The situation was ideal. My previous knowledge of Spanish facilitated the transition from awkward lodger to embraced family member, but all credit must go to the Bautista Garcias. Social Entrepreneur Corps thrust me into the perfect home.

 

I knew it from the moment I arrived. Wilmer Enrique and Vilfred Obed, 10 and 8, frantically rushed to the door. Their father Luis quickly followed, wide smile and outreached hand at the ready, urging his two panting children to allow me in. Their mother Yolanda followed behind, quiet at this first introduction, but wearing an electric smile that demonstrated my welcome into her home more than any words could ever offer.

 

The first day there my Spanish failed me. Over dinner I couldn’t come close to demonstrating my appreciation for their generosity and honesty and infectious warmth in my second language. I am still struggling.
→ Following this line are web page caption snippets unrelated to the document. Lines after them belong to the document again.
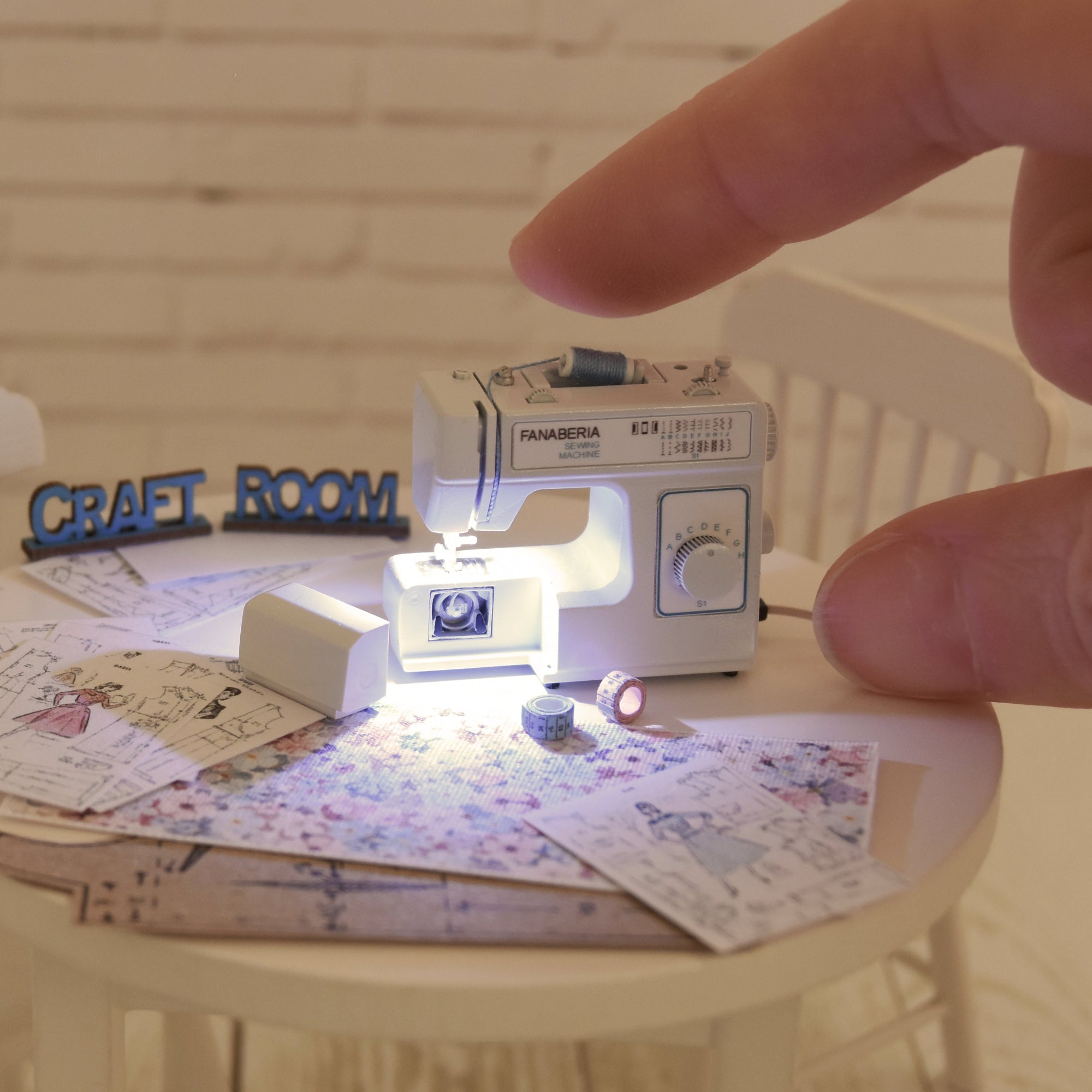 Sewing Machine with working light (1:12 scale)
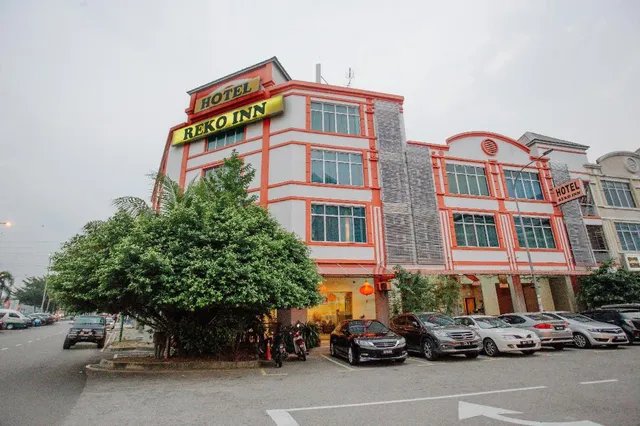 Hotel Reko Inn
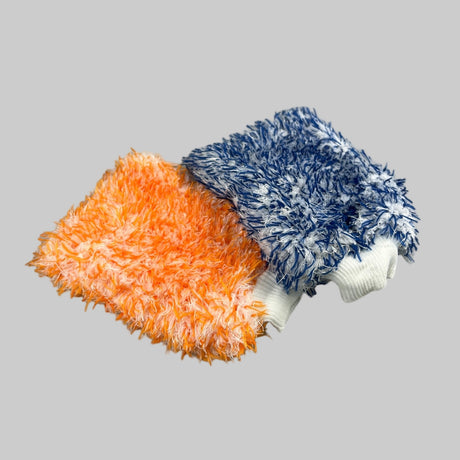 Een oranje en blauwe washand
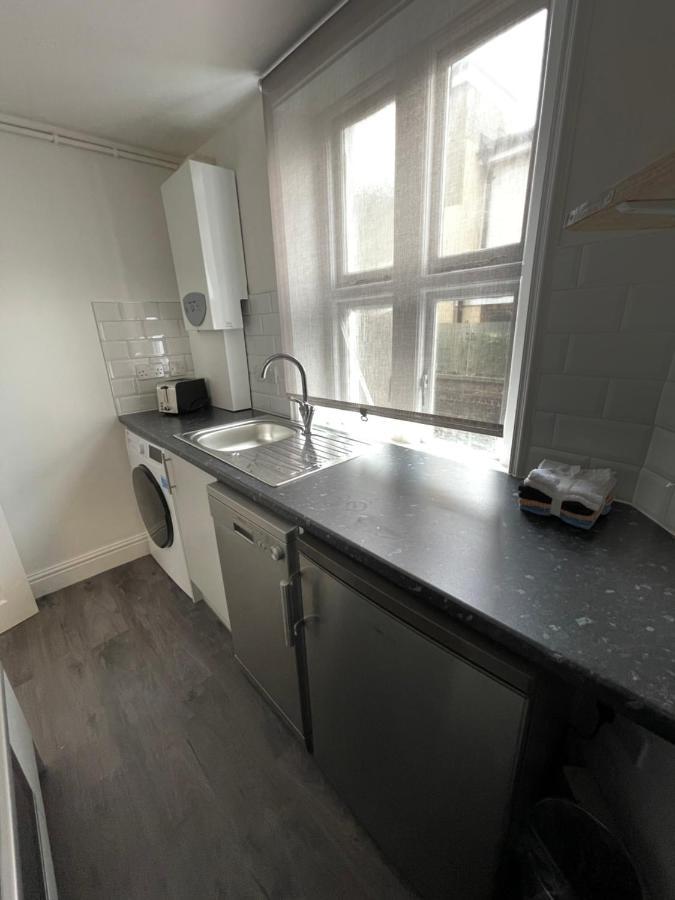 93 Charlotte Apartment Лондон Екстериор снимка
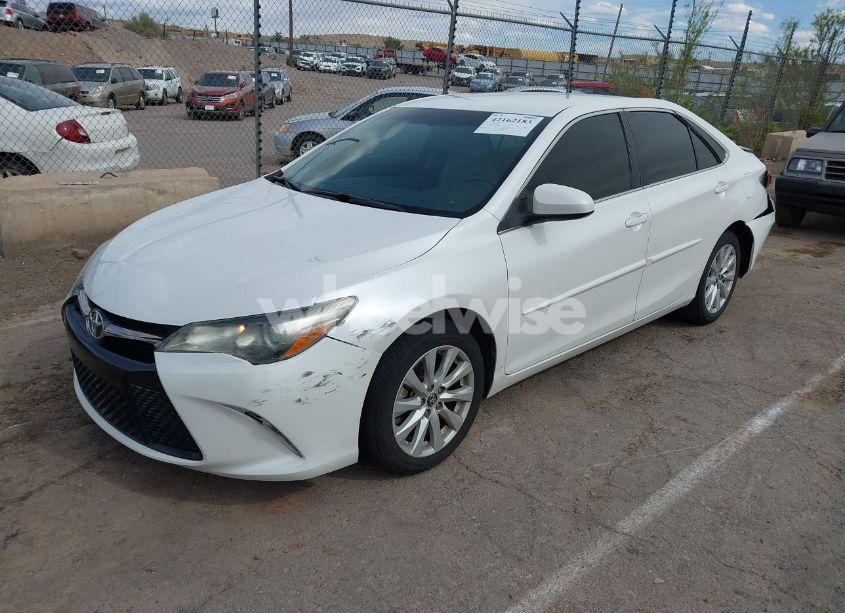 Photo 2 of 2016 Toyota Camry SE (VIN 4T1BF1FK3GU233360)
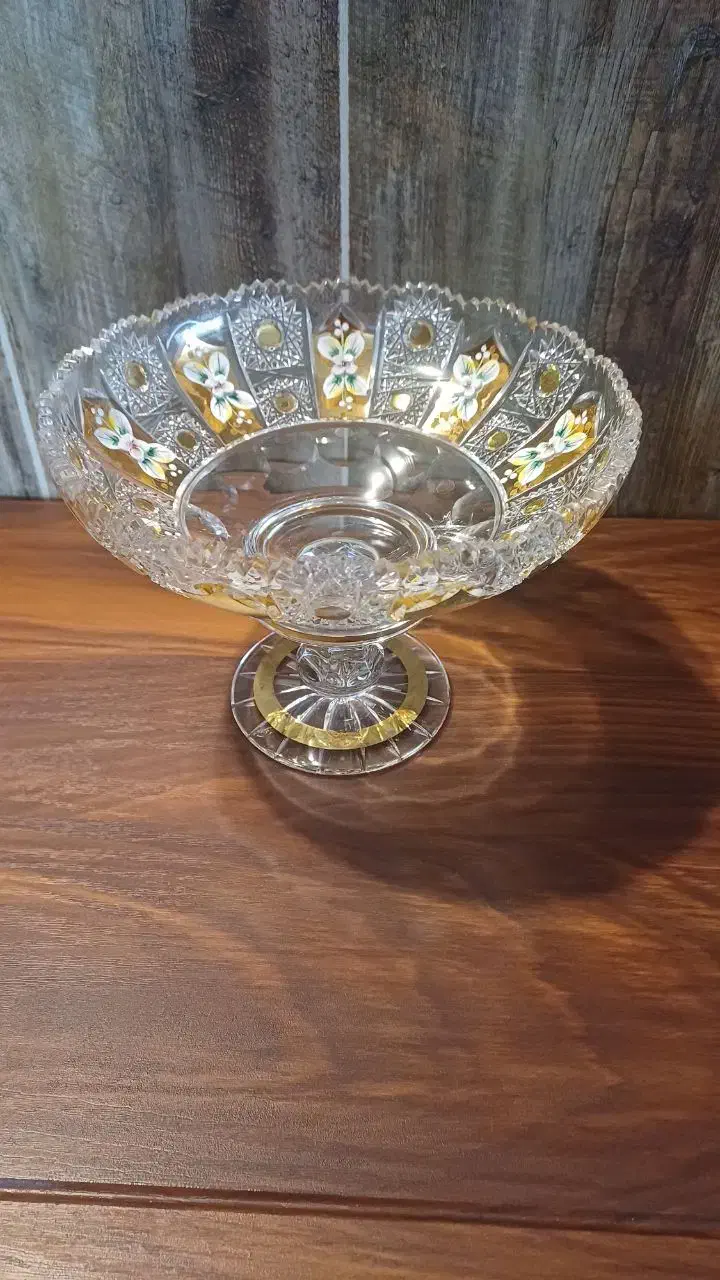 تعدادی کریستال اصل شیک و آنتیک|ظروف سرو و پذیرایی|شیراز, تندگویان|دیوار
My Spanish has steadily improved, but the extent to which they opened both their home and their hearts to a foreign stranger overwhelms me from the minute I awake each morning. I’m worried that my grasp for the language will never be sufficient to portray my gratitude.

 

“Con confianza” my host father kept repeating that first day, and throughout my first week in his home. “In confidence”. I had asked about the rules of the house, but found that there were none. Everything they owned was also mine, in confidence. No phrase better captures the quality, the “calidad”, of these people. Ever trusting, ever affectionate, ever selfless, ever generous. I did nothing to gain that first investment of faith. I am still vying to justly earn it.

 

The two previous host families I´d lived with in Sevilla and Buenos Aires were comprised of single mothers and children over 27. The stable presence of an amicable father and two younger children with whom to play futbol is an entirely new and invigorating experience.

 

This is a family in full bloom. There is no natural role for me to fill. Yet still, this family let this spoiled gringo into their home, the one they built with their own hands; in an offhand comment to a cousin just a week into my trip, Wilmer referred to me as his brother. Big brother, just like home, suits me fine.